Sympathy is the ultimate message in documentary


Prior to the Sept. 29 screening of I Am on campus, director Tom Shadyac (Ace Ventura: Pet Detective, Evan Almighty) addressed the audience. He asked all the film students present to remove their metaphorical film critic hats. This is his first documentary, he said, so cut him a little slack.

Fix the world · The movie’s interviews show varying views on life, poverty and faith. - Photo courtesy of Shady Acres

That wasn’t necessary. I Am is a fine documentary with an uplifting message that sets it apart from its contemporaries.

In 2007, Shadyac tumbled off his bicycle and onto his head. It wasn’t his first concussion, but this time the symptoms didn’t go away. Doctors diagnosed him with post-concussion syndrome, and he was in such a constant pain that although he was never suicidal, he felt his own mortality.

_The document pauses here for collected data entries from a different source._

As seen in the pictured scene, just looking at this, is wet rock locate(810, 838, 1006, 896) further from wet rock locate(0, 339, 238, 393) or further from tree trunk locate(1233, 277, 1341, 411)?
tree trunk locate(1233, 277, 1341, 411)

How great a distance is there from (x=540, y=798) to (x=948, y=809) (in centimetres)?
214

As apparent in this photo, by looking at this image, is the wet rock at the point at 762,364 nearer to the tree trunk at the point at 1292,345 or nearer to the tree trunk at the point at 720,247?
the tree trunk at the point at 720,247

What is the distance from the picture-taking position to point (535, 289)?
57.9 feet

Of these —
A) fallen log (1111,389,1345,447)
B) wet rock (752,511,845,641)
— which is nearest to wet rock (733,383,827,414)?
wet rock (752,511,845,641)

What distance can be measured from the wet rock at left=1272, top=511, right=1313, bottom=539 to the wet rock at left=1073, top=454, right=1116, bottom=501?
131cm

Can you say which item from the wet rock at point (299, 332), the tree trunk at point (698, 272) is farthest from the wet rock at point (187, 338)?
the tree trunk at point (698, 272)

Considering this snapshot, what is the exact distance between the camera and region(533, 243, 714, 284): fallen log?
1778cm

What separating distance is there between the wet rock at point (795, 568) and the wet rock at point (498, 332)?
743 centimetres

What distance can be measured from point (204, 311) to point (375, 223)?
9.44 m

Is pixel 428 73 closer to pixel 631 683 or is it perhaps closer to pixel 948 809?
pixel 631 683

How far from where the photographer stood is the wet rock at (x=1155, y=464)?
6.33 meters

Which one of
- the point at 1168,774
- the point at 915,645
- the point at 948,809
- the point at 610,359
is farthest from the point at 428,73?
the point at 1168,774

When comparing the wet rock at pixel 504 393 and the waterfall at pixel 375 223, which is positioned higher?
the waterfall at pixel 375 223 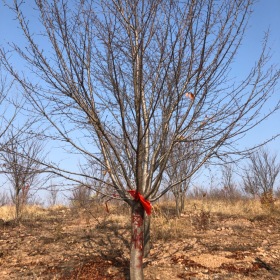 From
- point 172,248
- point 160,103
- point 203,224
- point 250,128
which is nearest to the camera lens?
point 250,128

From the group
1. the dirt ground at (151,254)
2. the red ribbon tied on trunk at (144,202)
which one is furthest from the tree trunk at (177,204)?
the red ribbon tied on trunk at (144,202)

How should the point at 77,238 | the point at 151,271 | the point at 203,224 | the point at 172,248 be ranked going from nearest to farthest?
the point at 151,271 → the point at 172,248 → the point at 77,238 → the point at 203,224

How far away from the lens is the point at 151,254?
19.6ft

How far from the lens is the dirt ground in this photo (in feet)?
16.0

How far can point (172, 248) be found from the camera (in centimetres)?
625

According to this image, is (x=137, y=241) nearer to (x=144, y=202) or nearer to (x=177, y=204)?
(x=144, y=202)

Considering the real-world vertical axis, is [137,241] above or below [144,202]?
below

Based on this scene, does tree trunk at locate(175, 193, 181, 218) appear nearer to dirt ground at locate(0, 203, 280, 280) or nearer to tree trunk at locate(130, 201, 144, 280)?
dirt ground at locate(0, 203, 280, 280)

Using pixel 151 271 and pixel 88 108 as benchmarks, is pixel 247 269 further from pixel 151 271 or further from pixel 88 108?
pixel 88 108

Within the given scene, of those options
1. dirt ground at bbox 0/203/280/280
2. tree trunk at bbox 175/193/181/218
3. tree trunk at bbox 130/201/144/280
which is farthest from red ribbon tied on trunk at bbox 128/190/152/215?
tree trunk at bbox 175/193/181/218

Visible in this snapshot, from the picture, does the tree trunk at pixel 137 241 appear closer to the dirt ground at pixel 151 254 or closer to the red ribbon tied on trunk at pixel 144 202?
the red ribbon tied on trunk at pixel 144 202

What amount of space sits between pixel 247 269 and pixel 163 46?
340 cm

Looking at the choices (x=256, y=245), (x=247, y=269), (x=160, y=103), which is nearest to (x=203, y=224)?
(x=256, y=245)

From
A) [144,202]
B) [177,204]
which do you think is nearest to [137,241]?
[144,202] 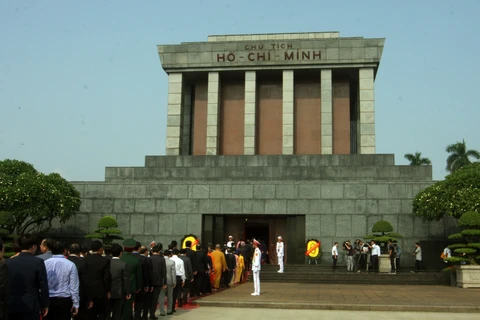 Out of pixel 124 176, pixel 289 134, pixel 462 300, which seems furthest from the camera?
pixel 289 134

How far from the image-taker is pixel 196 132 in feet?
120

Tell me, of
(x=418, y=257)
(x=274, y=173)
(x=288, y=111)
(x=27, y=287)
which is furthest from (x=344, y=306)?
(x=288, y=111)

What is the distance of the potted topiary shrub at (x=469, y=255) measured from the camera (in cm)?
2133

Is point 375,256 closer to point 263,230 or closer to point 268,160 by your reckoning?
point 263,230

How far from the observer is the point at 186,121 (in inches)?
1460

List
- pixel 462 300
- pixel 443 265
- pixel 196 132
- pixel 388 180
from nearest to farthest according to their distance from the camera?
pixel 462 300
pixel 443 265
pixel 388 180
pixel 196 132

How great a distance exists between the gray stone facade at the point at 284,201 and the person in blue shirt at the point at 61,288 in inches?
770

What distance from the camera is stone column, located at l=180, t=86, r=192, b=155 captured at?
119 feet

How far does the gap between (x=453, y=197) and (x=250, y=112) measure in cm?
1449

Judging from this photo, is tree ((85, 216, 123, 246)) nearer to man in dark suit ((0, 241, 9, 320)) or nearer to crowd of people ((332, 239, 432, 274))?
crowd of people ((332, 239, 432, 274))

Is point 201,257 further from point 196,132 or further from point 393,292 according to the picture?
point 196,132

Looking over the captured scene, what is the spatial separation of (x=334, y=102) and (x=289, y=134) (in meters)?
3.88

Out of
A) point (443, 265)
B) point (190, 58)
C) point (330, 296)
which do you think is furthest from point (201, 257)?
point (190, 58)

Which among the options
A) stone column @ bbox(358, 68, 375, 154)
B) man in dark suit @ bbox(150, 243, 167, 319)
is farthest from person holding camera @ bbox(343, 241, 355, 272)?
man in dark suit @ bbox(150, 243, 167, 319) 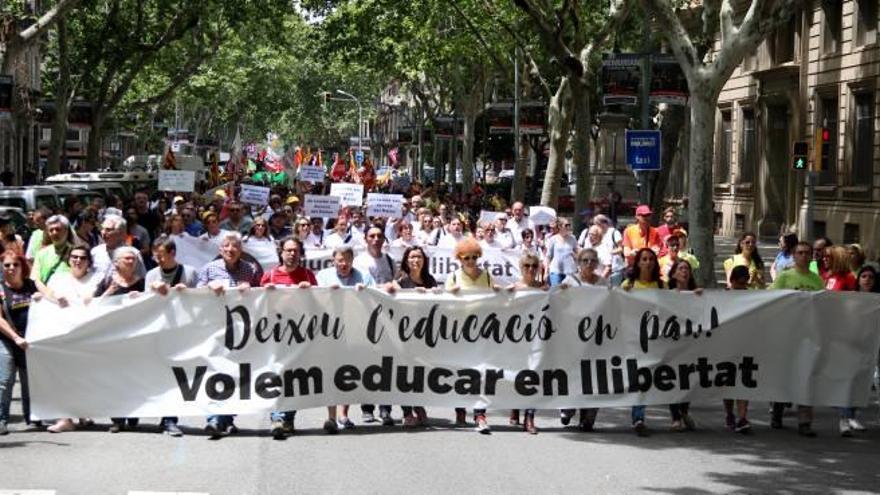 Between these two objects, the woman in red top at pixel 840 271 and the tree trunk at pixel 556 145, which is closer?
the woman in red top at pixel 840 271

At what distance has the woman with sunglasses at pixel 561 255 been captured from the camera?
1625 centimetres

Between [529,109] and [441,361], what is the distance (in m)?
35.1

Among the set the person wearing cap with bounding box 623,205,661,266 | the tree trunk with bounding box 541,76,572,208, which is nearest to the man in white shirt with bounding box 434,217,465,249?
the person wearing cap with bounding box 623,205,661,266

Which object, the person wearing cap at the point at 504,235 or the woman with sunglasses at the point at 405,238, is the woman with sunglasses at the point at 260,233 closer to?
the woman with sunglasses at the point at 405,238

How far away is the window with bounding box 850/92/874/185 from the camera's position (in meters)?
30.8

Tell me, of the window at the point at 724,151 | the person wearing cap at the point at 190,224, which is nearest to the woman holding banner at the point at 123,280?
the person wearing cap at the point at 190,224

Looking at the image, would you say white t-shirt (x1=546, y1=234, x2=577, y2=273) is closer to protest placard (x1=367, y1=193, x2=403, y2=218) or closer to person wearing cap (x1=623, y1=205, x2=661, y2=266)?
person wearing cap (x1=623, y1=205, x2=661, y2=266)

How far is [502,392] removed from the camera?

He asked himself what conversation he would like to have with the world if he were about to die. He wanted to know, “What’s wrong with our world and what can we do about it?”

Once he healed enough to endure air travel, he visited almost 20 people from different fields, including activist Noam Chomsky, historian Howard Zinn, Archbishop Desmond Tutu and Shadyac’s father Richard, the former CEO of St. Jude’s Children’s Research Hospital, the interview filmed before his death.

With the help of his interview subjects, Shadyac explains that poverty and war aren’t to blame. Those are the symptoms caused by a larger problem: human nature.

Shadyac argues that in the years since Charles Darwin first published Descent of Man, he’s been badly misinterpreted, with people thinking that survival of the fittest justifies competition. Therefore, it’s OK to strive to have more material belongings, more wealth and more junk while people sleep under the I-405. The collective shrug over that inequity comes from mankind’s belief that the have-nots just didn’t try hard enough.

According to Shadyac, this wasn’t really Darwin’s point. He and his interviewees stress that Darwin wrote about love and community more than survival of the fittest. The strongest human instinct, he surmised, is sympathy.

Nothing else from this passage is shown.